Intégrer plusieurs incubateurs si nécessaire
Multiplier les réseaux de contacts et de compétences peut mieux répondre aux besoins spécifiques d'accompagnement de la start-up.
Mobiliser en priorité les ressources non financières
Compétences et contacts créent des opportunités internationales plus rapidement que les aides financières, souvent modestes.
Cultiver un véritable état d'esprit de partage
Penser collectif plutôt qu'individuel au sein du réseau permet d'éviter les erreurs coûteuses de l'internationalisation.

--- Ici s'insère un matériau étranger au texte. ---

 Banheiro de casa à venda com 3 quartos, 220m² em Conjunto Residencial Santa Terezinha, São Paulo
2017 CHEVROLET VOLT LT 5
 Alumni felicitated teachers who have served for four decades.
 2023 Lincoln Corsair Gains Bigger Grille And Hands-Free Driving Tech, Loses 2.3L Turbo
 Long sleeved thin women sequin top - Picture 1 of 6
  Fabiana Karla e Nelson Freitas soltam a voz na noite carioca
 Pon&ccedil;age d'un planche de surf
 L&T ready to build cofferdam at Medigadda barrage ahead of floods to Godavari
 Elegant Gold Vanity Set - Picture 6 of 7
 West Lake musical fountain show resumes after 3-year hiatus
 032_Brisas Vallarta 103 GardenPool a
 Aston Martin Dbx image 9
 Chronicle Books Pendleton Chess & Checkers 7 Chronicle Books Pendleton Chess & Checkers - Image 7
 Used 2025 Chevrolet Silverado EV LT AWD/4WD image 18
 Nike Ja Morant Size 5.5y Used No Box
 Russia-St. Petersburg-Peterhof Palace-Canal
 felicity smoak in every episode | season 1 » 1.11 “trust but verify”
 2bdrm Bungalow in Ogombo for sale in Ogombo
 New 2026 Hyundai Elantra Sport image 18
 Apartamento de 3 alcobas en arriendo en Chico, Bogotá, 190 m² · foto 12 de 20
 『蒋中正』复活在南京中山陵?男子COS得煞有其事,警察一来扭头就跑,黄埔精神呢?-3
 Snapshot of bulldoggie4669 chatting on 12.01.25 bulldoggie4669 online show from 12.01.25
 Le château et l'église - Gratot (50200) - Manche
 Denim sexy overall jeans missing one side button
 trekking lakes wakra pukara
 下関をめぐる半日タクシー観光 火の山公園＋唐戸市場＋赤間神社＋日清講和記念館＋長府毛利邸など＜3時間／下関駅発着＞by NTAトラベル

Prolonger les liens du réseau après l'incubation
Préserver les contacts noués avec experts et partenaires et sensibiliser les nouveaux collaborateurs à cette culture du partage.
Mettre en place des services dédiés au développement international
Formations, séances d'information et prestations spécifiques renforcent la capacité de l'incubateur à accompagner l'export.
S'entourer d'accompagnants au profil international
Leur expérience internationale conditionne directement leur capacité à accélérer ou freiner l'internationalisation des start-up suivies.
Rejoindre un réseau international d'incubateurs
Des partenariats multilatéraux, à l'image de l'INBIA, permettent de mutualiser ressources et savoir-faire à l'échelle mondiale.
Développer une véritable culture d'entrepreneuriat international
Séjours à l'étranger, plateformes d'échanges et concours dédiés renforcent durablement cette dimension internationale.